SIM TANPA SUAP


Bagi pengendara motor, agar nyaman, tentram dan damai berkendara mestilah memiliki sepucuk surat. Tapi ini  bukan surat biasa yang bisa kita tulis sendiri melainkan surat izin mengemudi alias SIM. Bentuknya bukan selembar kertas, tapi seperti KTP berbentuk kartu. Kita akan bisa memilikinya, jika sudah cukup umur minimal 17 tahun  dan  sudah mengikuti serangkaian tes di kepolisian.

Jika kita tidak memilikinya, apa yang terjadi? Hati bakal dag-dig-dug berdetak lebih kencang seperti genderang mau  perang tiap kali lihat bapak Polisi, bahkan radius 5 meter saja mesti langsung ngacir, mencari akal untuk menghindar  dan nyalip sana sini.  Baru lihat saja ya, belum lagi jika sedang ada operasi pemeriksaan oh jangan tanya , akan lebih deg-degan lagi bahkan tangan yang memegang stang motor sudah basah karena keringat bercucuran, dan kaki gemetaran. Kalau sedang beruntung bisa berbelok dan mencari jalan lain dan kalau tak sempat berbelok karena mata sudah ketemu mata, dan tangan sudah memberi isyarat maka sudahlah surat tilang melayang,  harus mengikuti sidang dan membayar denda paling banyak lima ratus ribu rupiah untuk pelanggaran tak punya SIM.  

Apa yang menghalangi pengendara motor untuk memiliki SIM? Mungkin karena serangkaian tes yang sulit dan jika gagal harus kembali 1 minggu kemudian untuk mengikuti tes lagi. Dan selentingan katanya, ini katanya ya,  agar bisa langsung lulus  hari itu juga alias tidak dengan jalan normal  membutuhkan dana yang tidak sedikit. kalau jalan normal hanya 100 rb.  Karena isu-isu itulah juga, saya tidak pernah mencoba membuat SIM, saya tidak mau menyuap. Padahal hampir 10 tahun sejak SMP kelas 3 saya sudah bisa motor dan lihai mengendarai motor, jenis motor apapun saya bisa kecuali motor vespa. Saya juga sudah melanglang buana pergi ke luar kota yaitu Bogor dan terjauh Bandung tanpa SIM. Strategi pergi subuh pulang malam, adalah strategi terbaik agar tak kena tilang. Artinya, kemampuan saya mengendarai motor sudah bisa bilang teruji. Meski demikian saya tetap bertahan tanpa SIM, dan bertahan dengan  ketakutan parno liat bapak polisi sampai satpam saja dari jauh saya kira polisi tapi tetap berani mengendarai motor.

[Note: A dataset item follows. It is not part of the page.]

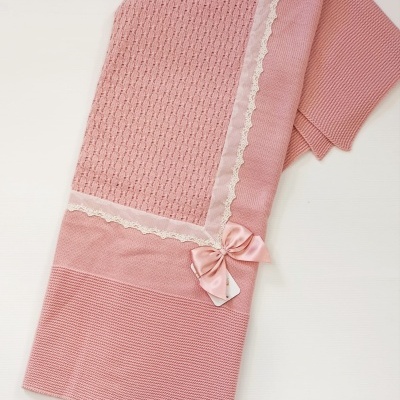 Manta rosa com padrões tricotados, renda branca e laço de cetim em fundo branco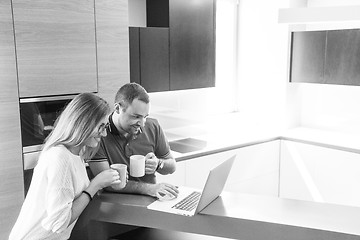 Image showing couple drinking coffee and using laptop at home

Sampai akhirnya, saat perjalanan pulang dari Bandung ada razian di Cianjur, saya tak bisa menghindar, ini sudah skak mat. Sambil gemetaran saya tatap bapak polisi muda itu, bapak itu menyapa dan bertanya tentang STNK dan SIM, saya jawab bahwa saya lupa tidak membawa dompet dan memang tidak bawa dompet, ini bukan senjata berkilah beneran tidak bawa karena lupa. Maka sang pak polisi muda baik hati melepaskan saya dan adik saya, setelah melihat KTP adik saya pak polisi bilang bahwa karena rumah kami jauh jadi memaafkan keteledoran kami. Kalau sampai motor saya diambil tidak tahulah bagaimana saya pulang, Alhamdulillah saya berterimakasih dan melanjutkan perjalanan pulang.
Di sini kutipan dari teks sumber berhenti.